Narcopolis opens in Bombay in the late 1970s, as its narrator first arrives from New York to find himself entranced with the city’s underworld, in particular an opium den and attached brothel. A cast of unforgettably degenerate and magnetic characters works and patronizes the venue, including Dimple, the eunuch who makes pipes in the den; Rumi, the salaryman and husband whose addiction is violence; Newton Xavier, the celebrated painter who both rejects and craves adulation; Mr. Lee, the Chinese refugee and businessman; and a cast of poets, prostitutes, pimps, and gangsters.
Book hauls this week include the Nalo Hopkinson score along with In the Unlikely Event by Judy Bloom and The Wild Girls by Pat Murphy.

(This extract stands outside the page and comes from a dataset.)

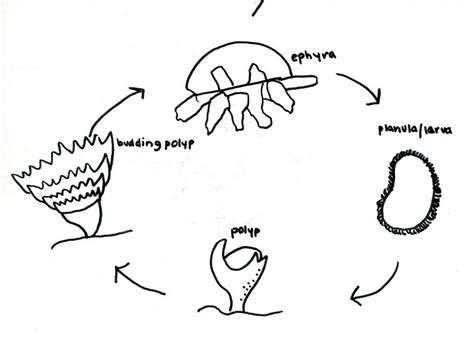 Caterpillar Life Cycle Coloring Page Coloring Pages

My Mom visited this week and surprised me with a stack of books she was passing on (the best kind of surprise!) including Warlight by Michael Ondaatje, The Last High by Daniel Kalla, A Conspiracy of Bones by Kathy Reichs, Green Grass Running Water by Thomas King, Ragged Company by Richard Wagamese, Catch and Kill by Ronan Farrow, The Goldfinch by Donna Tartt, The Daughters Tale by Armando Lucas Correa, and The Elegance of the Hedgehog by Muriel Barbery. Thanks Mom!
I’ve started The Water Dancer this weekend which puts me halfway through my stack in progress already, and past my goal of reading 50 books this year! This is 51! Go me!